トランプ政権は、OECDが推進するグローバル・ミニマム課税やデジタルサービス税など、アメリカ企業に不利とみなす外国の課税制度に対し、強硬な報復措置を打ち出しました。2025年度予算調整法案「OBBB」の成立により、新たに設けられた内国歳入法第899条で、これらの税制を導入した国を「差別的外国」と定義し、源泉徴収税率の段階的引き上げなどの追加課税を可能としています。日本企業のアメリカ現地法人も影響を受ける恐れがあり、国際税務の新たな緊張が予想されます。
「アメリカ企業を差別する国」に対抗措置を明言
トランプ大統領は、アメリカ市民やアメリカ企業に対して差別的と見なされる税制を導入する国々に対し、徹底した対抗措置を講じる方針を明確にしています。日本国内では関税にばかり注目が集まっていますが、実際には税制面での報復措置がより制度的に具体化しつつあります。

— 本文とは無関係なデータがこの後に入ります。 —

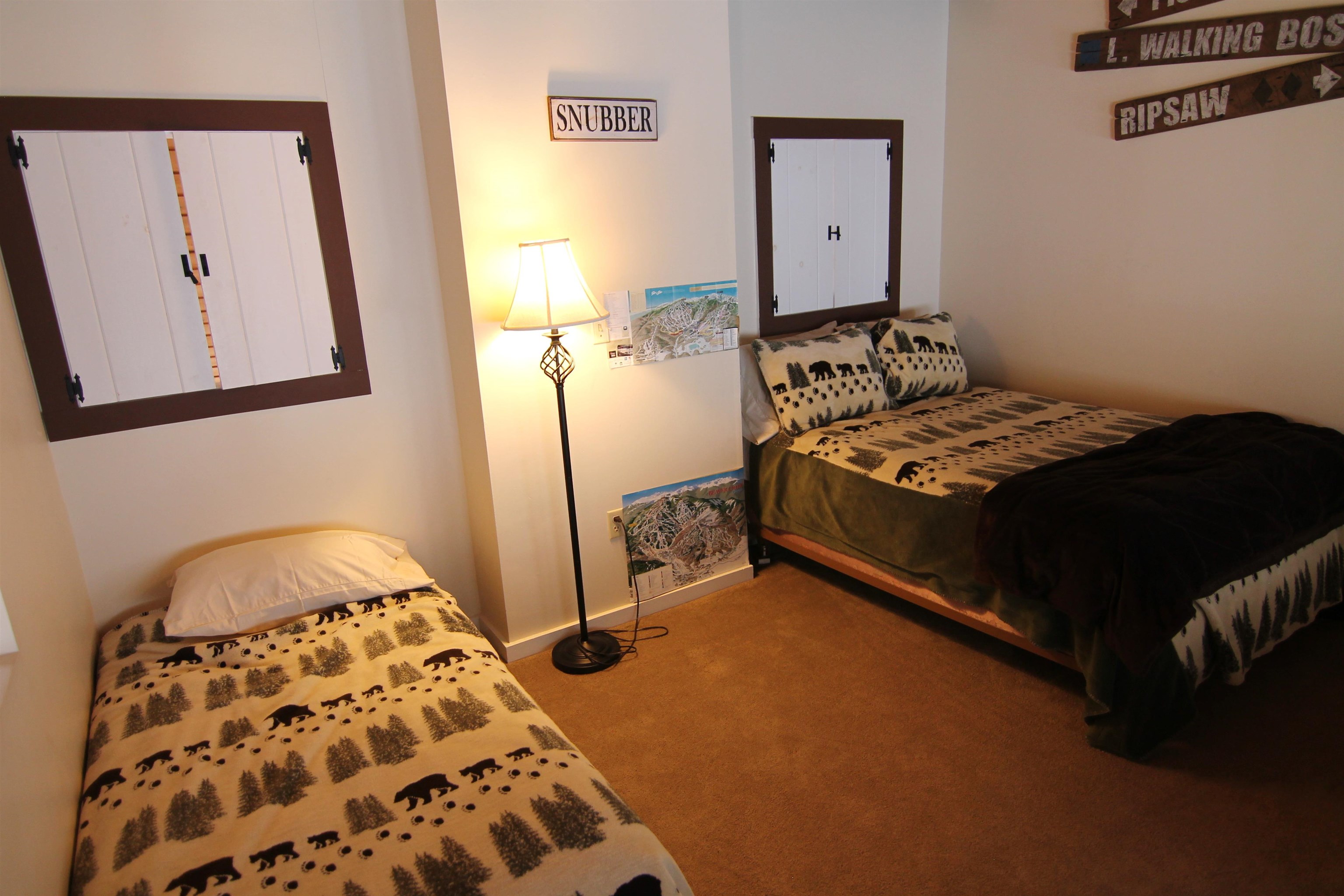 Lincoln, New Hampshire, 03251, United States, 3 Bedrooms Bedrooms, ,2 BathroomsBathrooms,Residential,For Sale,1732060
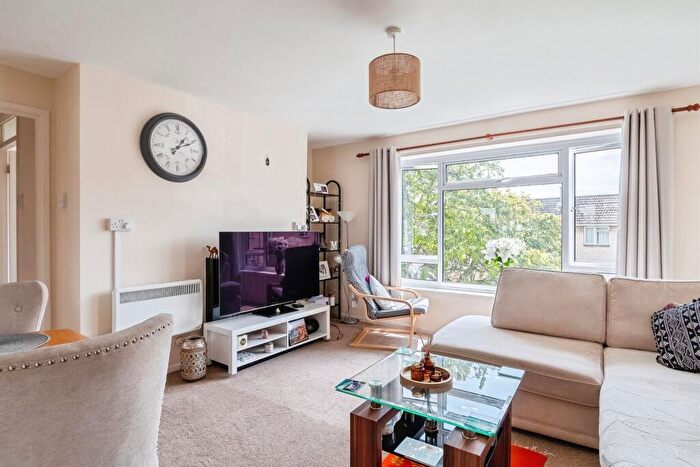 2 Bedroom Flat For Sale In Weller Road, Corsham, SN13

2025年度の予算調整法案「One Big Beautiful Bill(OBBB)」は、共和党多数の下院で可決され、成立しました。この法案には、OECDが推進するグローバル・ミニマム課税制度の一部として導入される国際課税ルールであるUTPR(Undertaxed Payment Rule)や、欧州各国で導入されているデジタルサービス税(DST)などに対して、アメリカ企業への不当な課税であるとする姿勢が反映されています。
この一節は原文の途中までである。